И ушел. Пока я доставал изо рта край как-то оказавшийся там Бубуки и сглатывал набежавшую слюну, он ушел уже почти совсем, и я сказал ему «Дасиданя» уже в скрывающуюся за поворотом черную спину. Потом я по-рассматривал очень интересные лужицы, оставшиеся там, где лежали дрова, — мне было непонятно, почему, когда они были снегом, они были про елки и снег с ночного неба, про дорогу между елками, по которой только что побежала серая лошадка с санями и дедом, а когда растаяли, то стали такими же больничными, как и все вокруг.

Потом мне стало скучно, и я побежал по лестнице на второй этаж, надеясь заглянуть в дверь зубного, когда кто-нибудь зайдет или выйдет, и еще раз увидеть те сверкающие железные штуки под лампой, которая ярче солнца.
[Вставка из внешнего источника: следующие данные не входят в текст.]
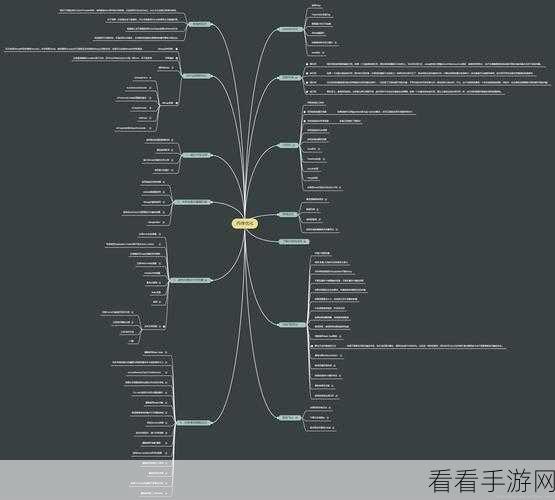 Android Ruansky 内存优化秘籍大公开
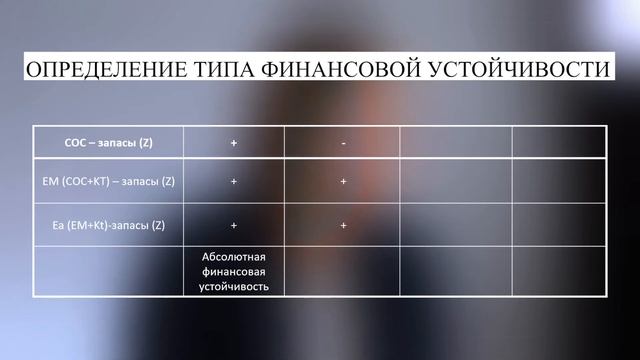 3.3  Анализ финансовой устойчивости на основании абсол?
Возле зубного было не так нехорошо, как везде. Я какое-то время подождал, ездя Бубукой по скамье с неудобным выгнутым сиденьем, и пошел дальше. Дальше был такой же коридор, как внизу. Посередине было много людей, они стояли, сидели и все о чем-то говорили, я только понял, что дядьке в грязных валенках надо было зайти, а остальные его не пускали. Я осторожно пролез между ними и пошел в конец коридора, потому что кто-то должен был прийти, и я залез коленями на одинокий стул, который был такой плохой, что залезать на него было уже можно. В окно было видно только вату и небо с ветками, но я все равно смотрел в стекло, обрамленное ледяной рамкой, у самого края становящейся не ледяной, а снежно-игольчатой. На ветку попробовал сесть толстый розовый снегирь, но ветка закачалась, и снегирь испугался, что сломает ее, и упал куда-то вниз.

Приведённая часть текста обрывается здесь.